We just mentioned overall growth, but the Linux kernel is a part of that growth. The kernel is adding A LOT of IDs. Enough to show up on a graph.

The green of the graph is Linux kernel CVE IDs, the blue is all other IDs. It’s a huge number. The kernel is pretty huge though, so these numbers shouldn’t be unexpected.

There are many very serious people who don’t think most of these kernel issues should have CVE IDs. They claim the bugs aren’t bad enough to warrant a CVE, and more verification should be done on the bugs, and they should only be filing things attackers could use to steal bitcoins. There are many complaints about this volume of IDs. The kernel is doing something new and different, so it must be wrong.

Greg K-H explained on the Open Source Security Podcast (which I co-host) that the kernel is used on too many devices to easily decide what is or isn’t a vulnerability. It’s on everything from phones, to space ships, to milking machines. There aren’t many projects that can claim such a wide reach.

Even if we ignore these supposed low quality kernel CVE IDs, there are also a lot of non-kernel CVE IDs that could be considered low quality. What this means is vulnerabilities that could be considered plain old bugs depending on who does the analysis. If we want to raise the bar for what a vulnerability is, that won’t just affect the kernel, it would affect a number of CVE IDs. There are a lot of bugs that are right on the line for what the definition a vulnerability is. It’s sadly about as well defined as what a sandwich is.

This isn’t really a problem though, we’ll explain a bit more about data quality and how we use it below.

The demise of NVD

One of the more exciting events this year was in February when NVD stopped enriching vulnerabilities. We can see from this graph is dropped off pretty abruptly. This dropoff was unexpected and didn’t come with any sort of explanation for many weeks.

Before February, NVD would add data to published CVE IDs. Details like the products and versions affected. Vulnerability severity, and the type of severity. The data wasn’t the best, but sort of like that falling apart car we had as a kid, it was ours and it got us where we wanted to go, usually.

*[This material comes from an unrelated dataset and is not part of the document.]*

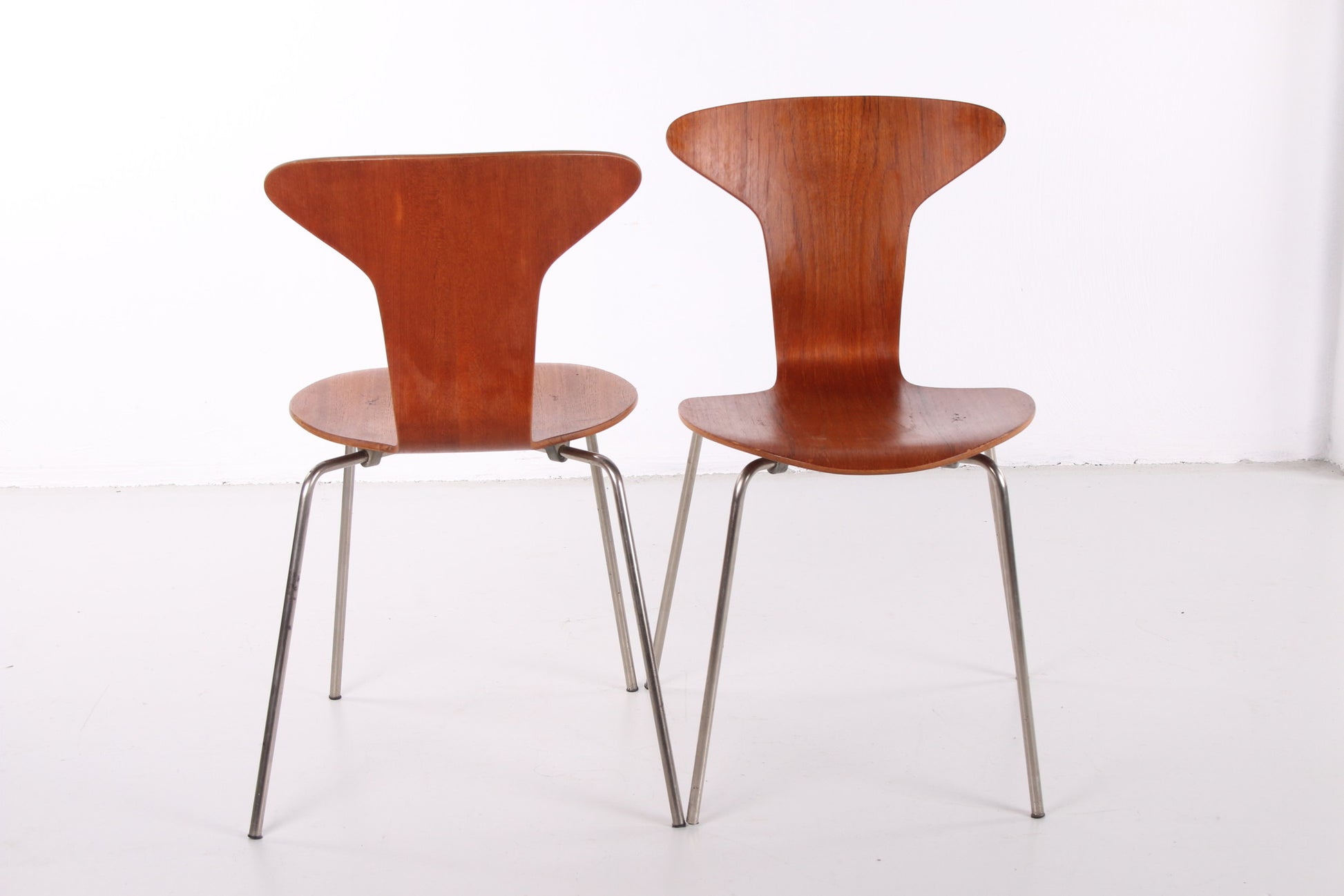 Vintage Arne Jacobsen Mosquito 3105 stoel set van 2 gemaakt door Fritz Hansen 1950s voor en achterkant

Since this sudden change in enriching vulnerabilities there has quite a bit of confusion about what happens moving forward. For example the FEDRAMP standard specifically names NVD as the source for vulnerability severity. What happens if there is no NVD severity anymore? Nobody seems to know, so we’ll just wait for everything to go back to normal.

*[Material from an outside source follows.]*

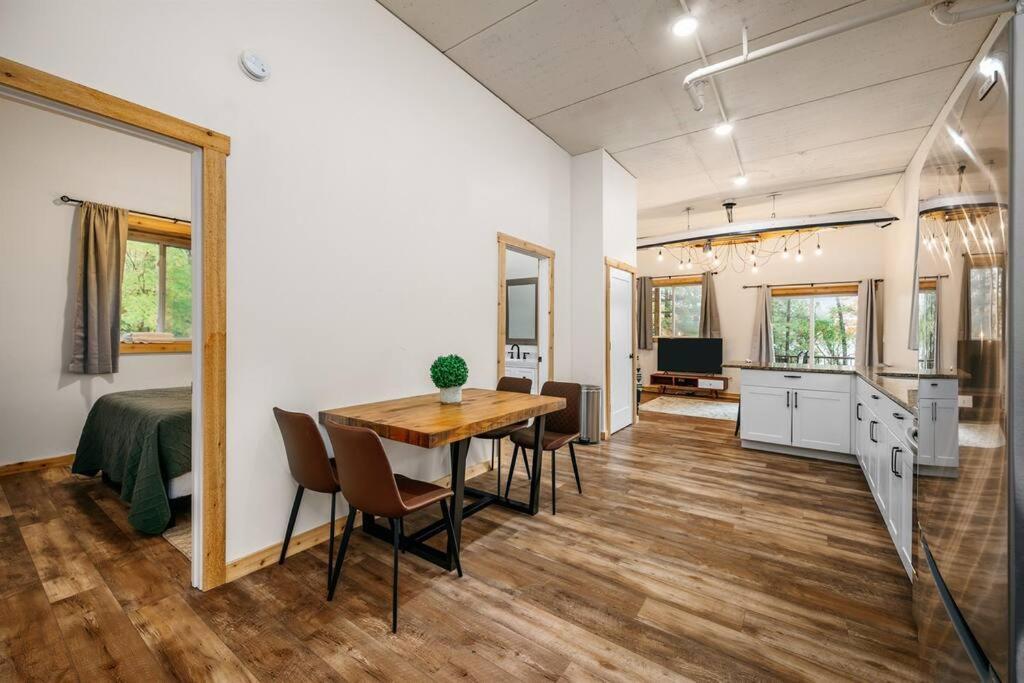 Holiday home Modern Lakeside With Pontoon & Sup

CISA has also started to add some enrichment data in a project they have named Vulnrichment. The Vulnrichment project has people at CISA adding vulnerability details similar to how NVD worked. The devil is in the details though. Many words could be written about what CISA is and isn’t doing with Vulnrichment. We’ll wait and see how the projects looks in a few months, it’s still changing pretty rapidly. I’m sure they’re talking with the NVD folks about all this … right … RIGHT?

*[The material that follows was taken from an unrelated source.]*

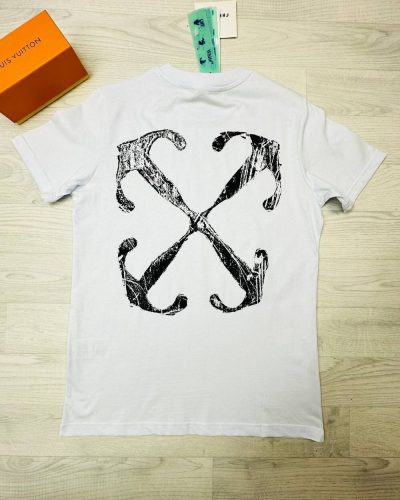 T-shirts Scratch Arrow Logo Print in white color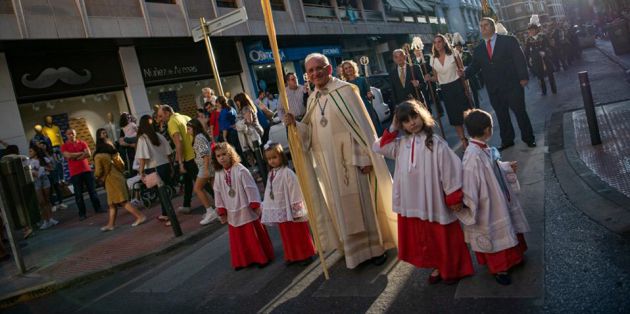 Julian Sanchez Mora, pregonero de la Semana Santa de este año es el director del Colegio Salesianos 'Hermano Gárate' en el centro junto a varios niños, durante la procesión Julian Sanchez Mora, pregonero de la Semana Santa de este año es el director del Colegio Salesianos 'Hermano Gárate' en el centro junto a varios niños, durante la procesión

NVD has made several announcements about the current and future status of the project. We’re about 6 pinky swears deep now that everything will go back to normal soon. I’m sure this time it’s real. The thing is, the truth we need to understand, is that NVD can’t go back to “normal”. Normal fell off the cliff, remember? That CVE graph shows the volume of IDs is growing at an accelerated rate. Unless NVD had a massive budget increase, every year, forever, it’s silly to even pretend.

The unsustainable future

If we look at all the things happening with vulnerabilities it doesn’t spark joy. None of the graphs are pointing in directions we want them to be. In theory, if we had more effective security we would see fewer vulnerabilities every year, not more. But there’s another trend that’s rarely discussed by security people; the mind boggling growth of open source. I gave a talk at Cyphercon earlier this year about the size of open source. It’s gigantic, bigger than you can imagine. Here’s a graph of releases of open source packages

That’s more than 100 million releases in the last 15 years. To put this in perspective there have been 250 thousand CVE IDs ever created, EVER. Any security researcher could look at any piece of software and find at least one vulnerability. I’ll let you think about that one for a while.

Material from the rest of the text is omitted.